Re: Unresponsive ESX (no CLI / console)

MCEnforcer · ‎11-09-2011

I have an ESX host which responds to ping but nothing else (SSH, vMA or even direct console). All the VMs are running OK so not a mjor problem to fix the host.

I noticed that I could migrate VMs if they were powered off so I shut one down from the OS (Windows) and it is definitely off however vCenter reports that it is powered on and VM Tools is running (not likely).

Unfortuntaly this VM won't migrate and won't pwer on. I have tried to re add to the inventory but I get the usual "The specified key, name or identifer already exists".

Normally I would restart the managemnet agents however without some sort of CLI acces this is not possible. Restarting the host is not an option at this stage.

The local console gets as far as asking for username (root) however will never ask for a password and eventually goes back to username prompt.

Logged with VM support however they are yet to respond so any alternate assistance would be appreciated.

calvinrobinson · ‎11-10-2011

That's interesting. I experienced something similar once where a customer's ESX host exhibited erratic connectivity over it's service console vmnics and lost all connectivity over its vmnics used for vmotion. This was caused by some sort of documented "bug" caused by the processor at the time however I recall not being able to evacuate all the VMs from the host. Eventually the customer gracefully shut down all the VMs and bounced the host. What version of ESX and what update are you running?

VCP4, VCP5, Cloud Infrastructure Consultant

MCEnforcer · ‎11-10-2011

Calvin

Thanks for your response, this was an odd one.

VM support finally came back and logged onto the various system. Their pronouncement was that it was a SAN issue, which we (sort of) doubted as 20 out of 21 hosts were working OK.

Their only solution was to logon to each VM and shut them all down. Once complete – reboot the host – which we weren’t able to schedule until the weekend.

Oddly enough I tried a SSH connection this evening and was able to logon. I then tried reconnecting the host in vCenter and it reappeared. After frantically migrating all the VM to another system I rebooted the box so we shall see ...

I think they may have been on the right lines when they suggested SAN issues as we have had significant performance issues across the board and we have had to take one of the arrays out of action for an engineer visit. We have been operating on reduced spindles and controllers / NICs for a few days thus increasing disk latency. It could be that tolerance on this machine was slightly lower due to other unknown factors.

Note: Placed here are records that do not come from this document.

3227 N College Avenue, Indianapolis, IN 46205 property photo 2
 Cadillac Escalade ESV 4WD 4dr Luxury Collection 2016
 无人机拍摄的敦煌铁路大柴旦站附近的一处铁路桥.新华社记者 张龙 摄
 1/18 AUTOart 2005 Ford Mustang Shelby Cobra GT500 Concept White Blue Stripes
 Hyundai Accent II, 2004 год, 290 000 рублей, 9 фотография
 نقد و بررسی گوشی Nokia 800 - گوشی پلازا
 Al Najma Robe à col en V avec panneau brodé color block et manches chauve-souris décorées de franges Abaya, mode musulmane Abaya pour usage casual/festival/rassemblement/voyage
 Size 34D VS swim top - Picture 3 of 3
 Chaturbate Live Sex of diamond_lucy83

To answer you other questions we are running 4.0.0 398348 on this machine – soon to be upgraded to 5.0.0 504890. We never got around to 4.1.

Thanks again, yours was the only response.

Martin

calvinrobinson · ‎11-10-2011

Awesome, glad you got it working and got the VMs evacuated. I've seen hosts freak out from APD conditions so storage as a potential culprit is definitely possible.

VCP4, VCP5, Cloud Infrastructure Consultant

Ollfried · ‎11-10-2011

What about the logs? Do you have a syslog-server in place?